Exercise prompt.
In the data below, find the line that contains "Virtual tour photo" and the line that contains "Jessica Simpson Blue". Copy both, plus every line between them, exactly.

Records for this exercise.
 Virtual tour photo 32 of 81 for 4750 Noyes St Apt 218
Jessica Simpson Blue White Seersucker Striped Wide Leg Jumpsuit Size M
...
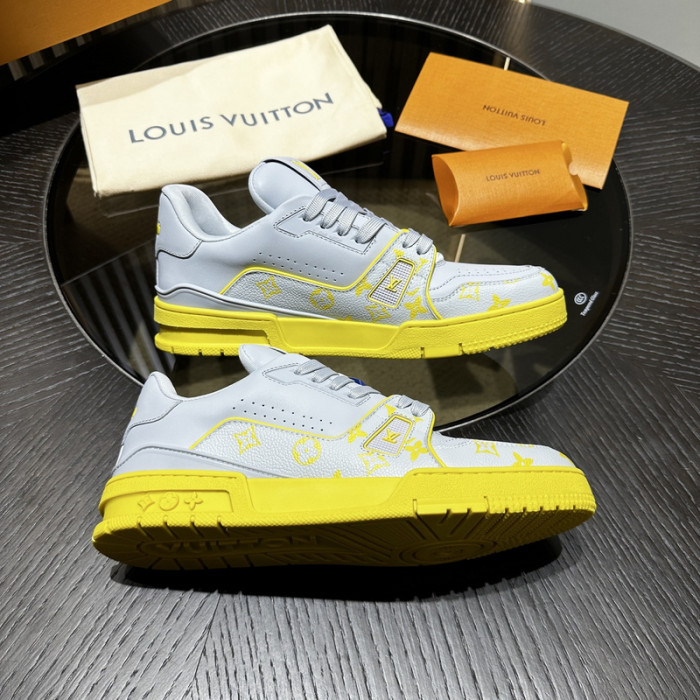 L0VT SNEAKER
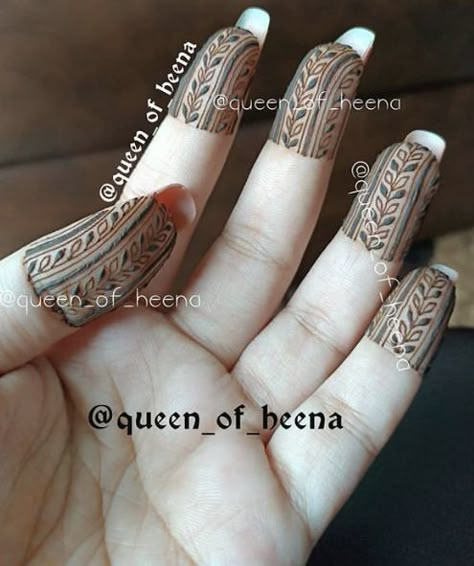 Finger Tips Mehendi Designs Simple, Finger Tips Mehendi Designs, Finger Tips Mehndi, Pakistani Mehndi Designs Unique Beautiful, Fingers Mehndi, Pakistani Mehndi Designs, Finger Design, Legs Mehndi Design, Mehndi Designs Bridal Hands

Exercise solution.
 Virtual tour photo 32 of 81 for 4750 Noyes St Apt 218
Jessica Simpson Blue White Seersucker Striped Wide Leg Jumpsuit Size M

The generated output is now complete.